Kriminetz: Was würden Sie jungen Menschen, die den Beruf der Agentin oder des Agenten ergreifen wollen, als Rat mit auf den Weg geben?

Christopher Nehring: Sich klar werden, dass auch Agenten für eine Behörde – mit allem, was dazugehört – arbeiten. Wer sich den Alltag wie im Film vorstellt, wird in einem Alptraum aufwachen; wer aber den vielleicht außergewöhnlichsten Bürojob beim Staat sucht, der könnte fündig werden. Heutzutage kann man sich bei den deutschen Nachrichtendiensten ja relativ einfach und offen bewerben und viele Informationen dazu erhalten, auch mit diesem alten Mythos habe ich in meinem Buch aufgeräumt.

Kriminetz: Wie ist das Verhältnis zwischen Spionagefiktion und der Realität – gibt es da viele Überschneidungen?

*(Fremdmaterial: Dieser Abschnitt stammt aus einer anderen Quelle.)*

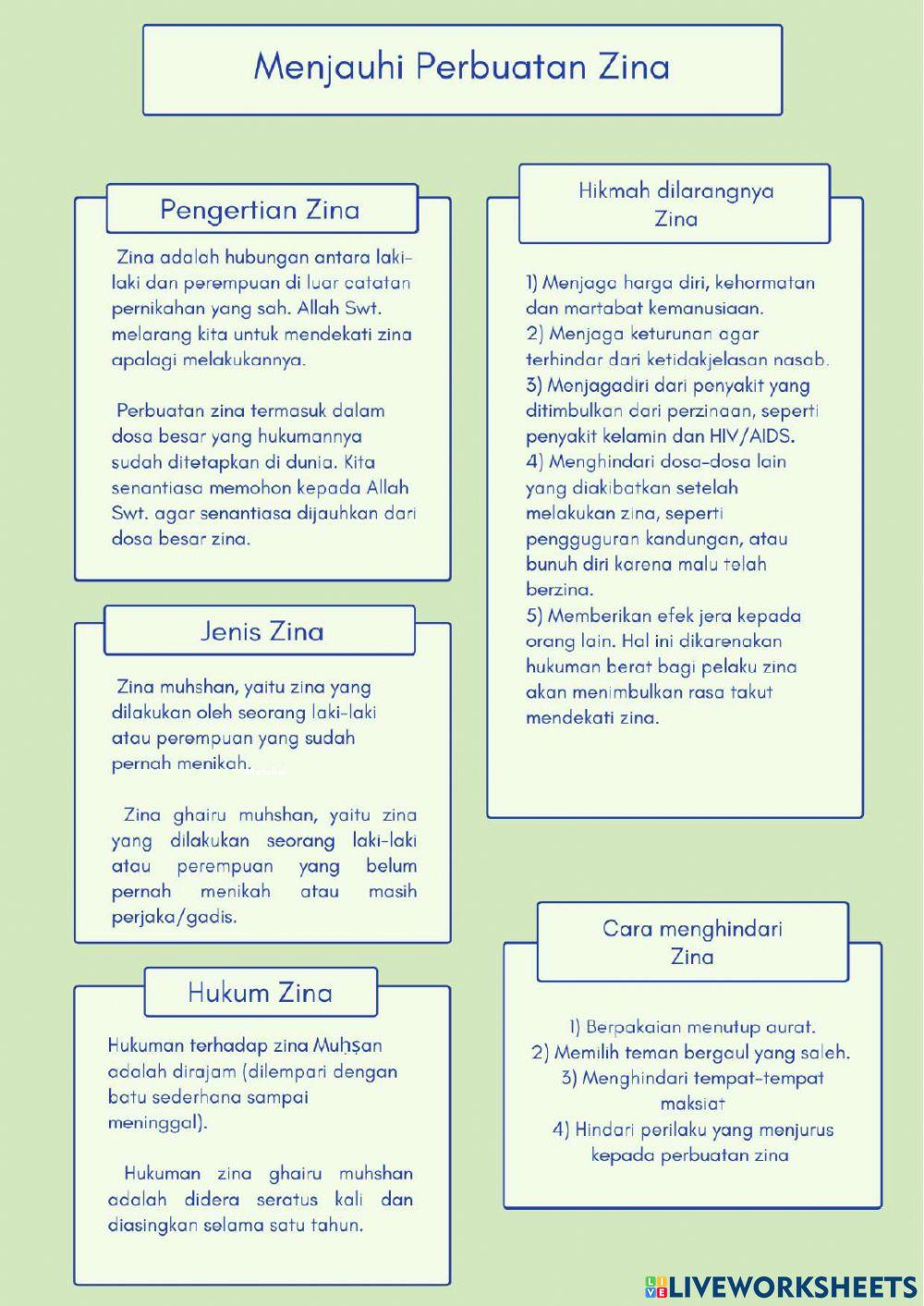 Menjauhi perbuatan zina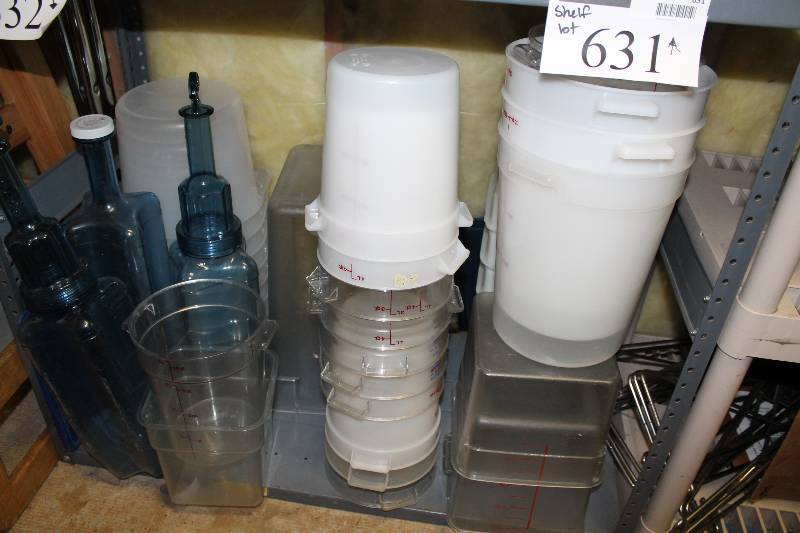 lot 632 image: Shelf Lot Including NSF Approved Plastic Buckets Water Containers Prep Buckets And More.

Christopher Nehring: Viel mehr als man oft denkt; allerdings geht es dabei nicht um den James Bond-Draufgänger mit seinen Verfolgungsjagden, Explosionen und Weltrettungskämpfen. Die Bedrohungsszenarien in Spionagefilmen und –romanen, vom Kalten Krieg zu Terrorismus, Cyberspionage oder Maulwurfsjagden werden zum Beispiel oft an realen Gegebenheiten ausgerichtet; manche Dienste, wie z.B. die US-amerikanische CIA, unterhalten auch eigene Büros, die Filmproduktionen beraten. Umgekehrt gibt es aber auch Belege, dass sich Geheimdienste von Filmszenarien inspirieren ließen. Nicht umsonst habe ich dem Thema Spionagefiktion gleich zwei Kapitel und über 10 Mythen gewidmet. Für die öffentliche Wahrnehmung und Einstellung zu Geheimdiensten und Spionage ist das Thema Fiktion von enormer Bedeutung.

Kriminetz: Das Leben des Kunstmillionärs Siegfried Kath ist auch ein Stück deutsch-deutsche Geschichte. Sie haben sein Leben in Buchform erzählt. Auch dieses Buch stellten Sie in Mannheim vor, bei einer Lesung im Kunstverein. „Millionär in der DDR“ klingt so gar nicht sozialistisch. Wie hat das ins System gepasst?

Christopher Nehring: Das war ja gerade das Kuriose: Ein Millionär, zudem ein selfmade Millionär, war eben nicht vorgesehen. Siegfried Kath schaffte es trotzdem – und das als Westdeutscher, als Einwanderer und Kellner. Zu verdanken hatte er das einerseits besonderen Umständen, dass er just zu der Zeit einen privaten Kunst- und Antiquitätenhandel aufbaute, als der SED-Staat seine eigenen Pläne noch nicht umgesetzt hatte. Dazu war Kath ein außerordentlich fleißiger, überzeugender und energetischer Mensch. Andererseits ging er eben auch eine unheilige Allianz mit dem DDR-Außenhandel ein, der sich Kath zunutze machte. Nach ein paar Jahren hat man ihn dann verhaftet und enteignet.

Kriminetz: Darf das geneigte Publikum einen Roman aus Ihrer Feder im Stile von John le Carré erwarten?

Christopher Nehring: Hoffentlich bald!

Kriminetz: Vielen Dank, Christopher Nehring, für die Beantwortung der sieben Fragen.